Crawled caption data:

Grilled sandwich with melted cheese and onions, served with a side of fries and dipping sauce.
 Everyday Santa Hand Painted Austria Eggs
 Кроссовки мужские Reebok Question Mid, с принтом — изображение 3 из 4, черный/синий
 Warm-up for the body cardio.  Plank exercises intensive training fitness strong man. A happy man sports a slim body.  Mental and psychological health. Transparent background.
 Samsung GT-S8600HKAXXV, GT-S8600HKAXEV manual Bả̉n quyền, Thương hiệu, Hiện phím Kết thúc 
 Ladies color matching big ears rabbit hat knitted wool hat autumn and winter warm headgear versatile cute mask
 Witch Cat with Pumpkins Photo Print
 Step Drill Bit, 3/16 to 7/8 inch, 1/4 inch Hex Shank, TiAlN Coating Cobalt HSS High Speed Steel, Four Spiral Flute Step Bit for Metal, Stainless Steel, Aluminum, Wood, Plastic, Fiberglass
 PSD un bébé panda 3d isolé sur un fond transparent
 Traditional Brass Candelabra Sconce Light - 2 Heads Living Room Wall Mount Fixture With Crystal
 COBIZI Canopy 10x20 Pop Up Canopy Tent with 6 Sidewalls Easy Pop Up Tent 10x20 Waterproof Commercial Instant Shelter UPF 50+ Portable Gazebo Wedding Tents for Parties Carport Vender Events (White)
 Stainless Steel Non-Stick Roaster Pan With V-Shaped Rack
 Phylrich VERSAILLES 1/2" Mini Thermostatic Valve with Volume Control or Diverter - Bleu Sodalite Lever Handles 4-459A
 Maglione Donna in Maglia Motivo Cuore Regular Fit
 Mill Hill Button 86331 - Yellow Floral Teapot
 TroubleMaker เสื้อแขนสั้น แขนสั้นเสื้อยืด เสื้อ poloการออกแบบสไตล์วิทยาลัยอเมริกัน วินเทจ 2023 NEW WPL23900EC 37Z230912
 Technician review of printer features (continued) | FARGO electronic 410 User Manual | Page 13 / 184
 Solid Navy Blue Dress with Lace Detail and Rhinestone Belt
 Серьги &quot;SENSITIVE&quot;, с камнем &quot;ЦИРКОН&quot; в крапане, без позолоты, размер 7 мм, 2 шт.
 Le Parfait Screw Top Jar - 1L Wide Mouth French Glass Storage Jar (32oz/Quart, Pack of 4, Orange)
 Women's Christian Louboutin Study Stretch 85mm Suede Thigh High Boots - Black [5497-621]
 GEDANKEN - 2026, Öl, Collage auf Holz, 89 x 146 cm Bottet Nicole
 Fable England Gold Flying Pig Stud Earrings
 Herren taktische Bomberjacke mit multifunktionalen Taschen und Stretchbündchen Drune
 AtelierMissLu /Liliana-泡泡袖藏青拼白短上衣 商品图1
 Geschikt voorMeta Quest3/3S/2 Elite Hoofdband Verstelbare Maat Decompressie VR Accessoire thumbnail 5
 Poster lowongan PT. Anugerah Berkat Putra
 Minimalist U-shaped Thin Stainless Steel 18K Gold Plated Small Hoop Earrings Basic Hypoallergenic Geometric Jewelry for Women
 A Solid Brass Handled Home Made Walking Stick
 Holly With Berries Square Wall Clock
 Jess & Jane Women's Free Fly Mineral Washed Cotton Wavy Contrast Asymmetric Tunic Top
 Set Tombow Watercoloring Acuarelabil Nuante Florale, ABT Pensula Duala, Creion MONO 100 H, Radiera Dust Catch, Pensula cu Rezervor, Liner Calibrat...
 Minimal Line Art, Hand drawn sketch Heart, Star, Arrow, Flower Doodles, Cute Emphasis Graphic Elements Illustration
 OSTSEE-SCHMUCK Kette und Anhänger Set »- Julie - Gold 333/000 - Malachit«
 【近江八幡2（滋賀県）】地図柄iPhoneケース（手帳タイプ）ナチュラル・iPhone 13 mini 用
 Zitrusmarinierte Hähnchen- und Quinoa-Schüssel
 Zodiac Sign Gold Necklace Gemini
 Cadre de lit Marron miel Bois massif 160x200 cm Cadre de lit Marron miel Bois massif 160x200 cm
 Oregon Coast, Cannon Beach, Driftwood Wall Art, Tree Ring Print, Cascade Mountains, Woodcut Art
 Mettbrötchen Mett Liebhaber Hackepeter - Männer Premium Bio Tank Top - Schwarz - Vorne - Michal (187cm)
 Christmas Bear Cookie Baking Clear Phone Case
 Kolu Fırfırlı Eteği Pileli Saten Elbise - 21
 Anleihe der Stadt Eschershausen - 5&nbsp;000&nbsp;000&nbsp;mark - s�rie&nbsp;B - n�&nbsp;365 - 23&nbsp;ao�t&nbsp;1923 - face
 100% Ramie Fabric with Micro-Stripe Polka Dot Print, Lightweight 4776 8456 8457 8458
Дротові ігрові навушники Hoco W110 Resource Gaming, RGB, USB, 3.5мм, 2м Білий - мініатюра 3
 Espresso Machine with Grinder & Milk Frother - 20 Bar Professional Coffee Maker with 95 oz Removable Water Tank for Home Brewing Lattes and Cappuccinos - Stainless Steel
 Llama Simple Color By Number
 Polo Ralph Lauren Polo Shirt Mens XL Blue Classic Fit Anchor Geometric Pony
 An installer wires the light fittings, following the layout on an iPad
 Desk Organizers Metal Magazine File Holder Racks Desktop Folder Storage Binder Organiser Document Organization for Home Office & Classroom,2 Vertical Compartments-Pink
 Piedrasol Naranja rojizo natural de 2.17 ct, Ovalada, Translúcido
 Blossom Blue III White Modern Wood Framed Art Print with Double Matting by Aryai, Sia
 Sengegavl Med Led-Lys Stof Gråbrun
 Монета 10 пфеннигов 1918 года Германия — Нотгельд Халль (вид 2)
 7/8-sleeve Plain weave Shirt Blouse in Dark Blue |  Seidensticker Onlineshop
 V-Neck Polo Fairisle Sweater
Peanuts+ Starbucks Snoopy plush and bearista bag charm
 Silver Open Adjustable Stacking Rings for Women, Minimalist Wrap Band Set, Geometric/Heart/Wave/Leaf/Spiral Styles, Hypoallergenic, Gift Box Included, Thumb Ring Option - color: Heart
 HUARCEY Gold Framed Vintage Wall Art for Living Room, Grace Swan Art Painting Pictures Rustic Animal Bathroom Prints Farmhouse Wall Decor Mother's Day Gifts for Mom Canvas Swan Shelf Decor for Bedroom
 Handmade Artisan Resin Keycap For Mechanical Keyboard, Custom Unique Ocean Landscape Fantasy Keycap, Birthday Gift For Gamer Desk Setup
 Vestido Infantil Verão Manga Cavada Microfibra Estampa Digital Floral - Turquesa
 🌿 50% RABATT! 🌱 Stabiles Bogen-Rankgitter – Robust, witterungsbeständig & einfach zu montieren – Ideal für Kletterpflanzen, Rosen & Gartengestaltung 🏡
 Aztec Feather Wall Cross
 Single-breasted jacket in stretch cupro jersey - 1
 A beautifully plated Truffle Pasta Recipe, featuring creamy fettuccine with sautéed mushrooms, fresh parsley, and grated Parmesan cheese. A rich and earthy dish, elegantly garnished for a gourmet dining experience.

▸ What the exercise asks
Return each line above where the word "Shirt" shows up.

▸ Answer
 Polo Ralph Lauren Polo Shirt Mens XL Blue Classic Fit Anchor Geometric Pony
 7/8-sleeve Plain weave Shirt Blouse in Dark Blue |  Seidensticker Onlineshop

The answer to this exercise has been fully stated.